The Danish pension fund for architects AP saw its solvency ratio fall by a third in the first half of 2018 as providers of average-rate pensions in Denmark made accounting adjustments in the wake of a regulatory change.
Earlier this year, the revised calculation of the Danish Volatility Adjustment (VA) – published by the European Insurance and Occupational Pensions Authority (EIOPA) in 2018 – finally came into force.
The change had the effect of lowering the discount yield curve used by insurance and pension companies to calculate liabilities under the Solvency II framework.
AP’s solvency ratio dropped to 199% at the end of June, from 282% at the end of December, according to the interim report of its manager Sampension.
Meanwhile, the pension fund for agricultural academics and vets, PJD – also managed by Sampension – saw its solvency ratio fall to 265% from 283%. Sampension Liv’s coverage weakened to 317% from 444% over the same period, the firm reported.
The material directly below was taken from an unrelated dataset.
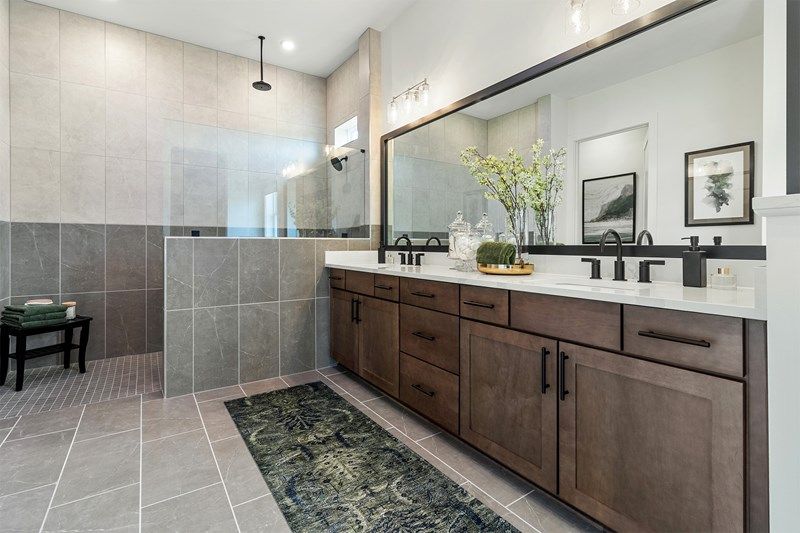 The Anglewood - Owner's Bath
Sampension said: “For the average-rate pensions segment, total reserves have been affected by interest rate declines and regulatory changes, with the so-called VA surcharge falling over the year due to a new method of calculation by the authorities.”
Both of these elements affected free reserves and reduced the solvency coverage for Danish life insurance companies in general as well as those under Sampension, it said.
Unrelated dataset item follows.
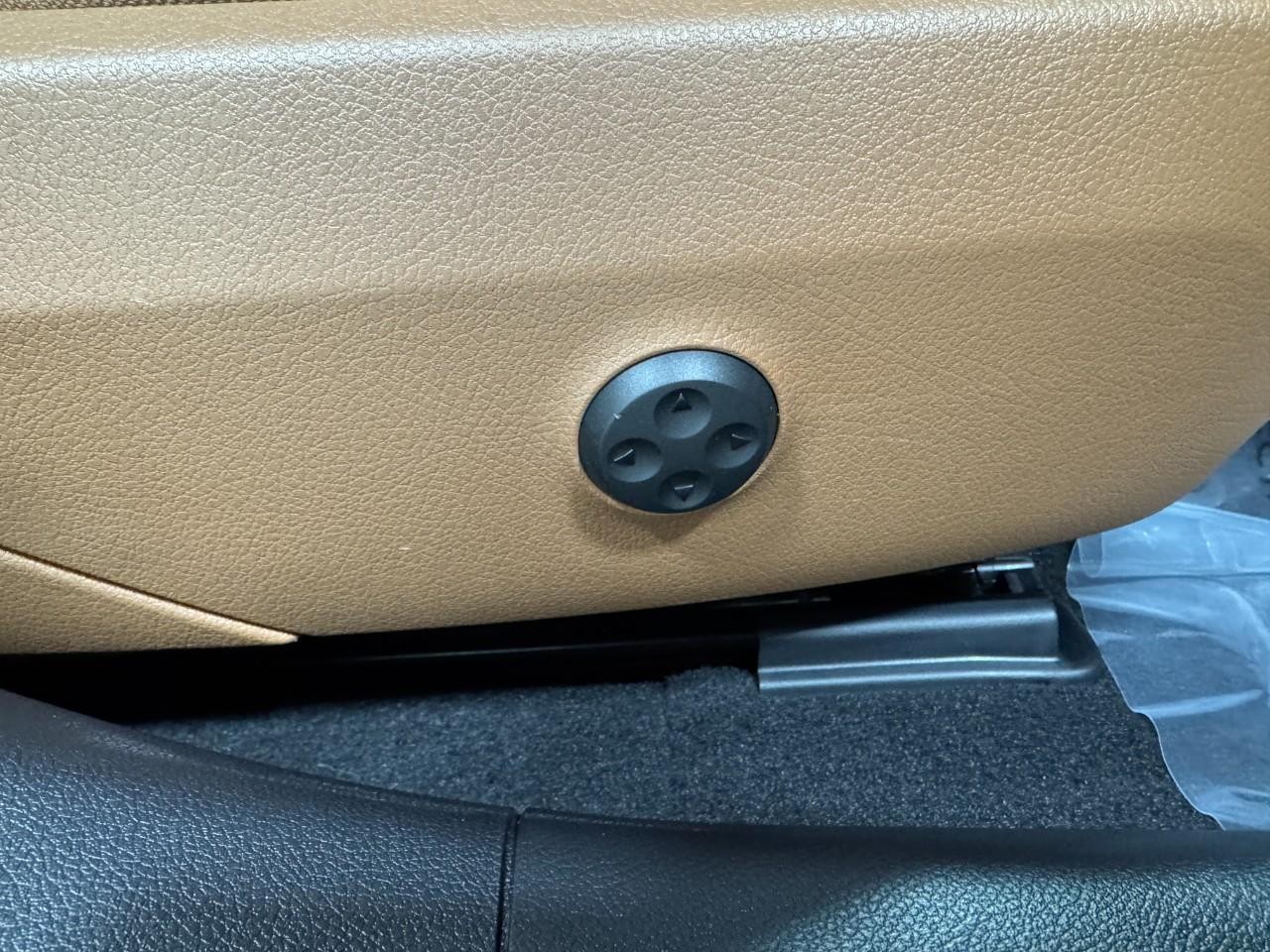 Mercedes-Benz E-Class Vehicle Full-screen Gallery Image 18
Meanwhile, pension fund PenSam, whose members are mostly public sector workers in the health, social care and education sectors, said in its first half report that its solvency capital requirement increased by DKK716m (€96m) during the period — partly due to the decrease in the VA.
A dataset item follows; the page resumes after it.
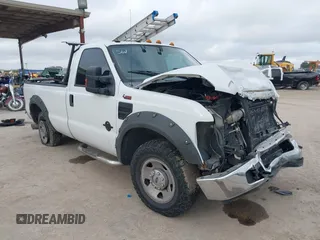 2008 Ford F-250 z VIN 1FTSF20R88EB98990, wystawiony jako IAAI lot #41094015 z przebiegiem 174 237 mil mil oraz . Historia ofert i sprzedaży dostępna na DreamBid. Obrazek 1.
“The decrease in the VA supplement has led to a large increase in life insurance provisions and thus a reduction in the collective bonus potential,” the fund said.
PenSam Liv’s solvency ratio fell to 502% at the end of June, from 732% at the end of December 2018.
The VA change has been seen as another factor driving Danish pension funds to move away from the provision of average-rate pensions, with or without yield guarantees attached, as it forces investment strategies to become more conservative thereby reducing potential returns.
AP and PJD are in the process of appealing a ruling impeding their attempt to switch their customers from average-rate to market-rate pension schemes.
The VA was also cited today by Denmark’s largest commercial pension fund PFA as having had a negative impact on its interim results, though not on the pensions side of its business.
It said a “considerable part of the adverse result on health and accident insurance” was due to an investment loss of DKK452m, of which “the majority” was related to the VA change.
PFA reported an overall group loss of DKK31m in the first half of 2019, after a DKK10m profit for the whole of 2018.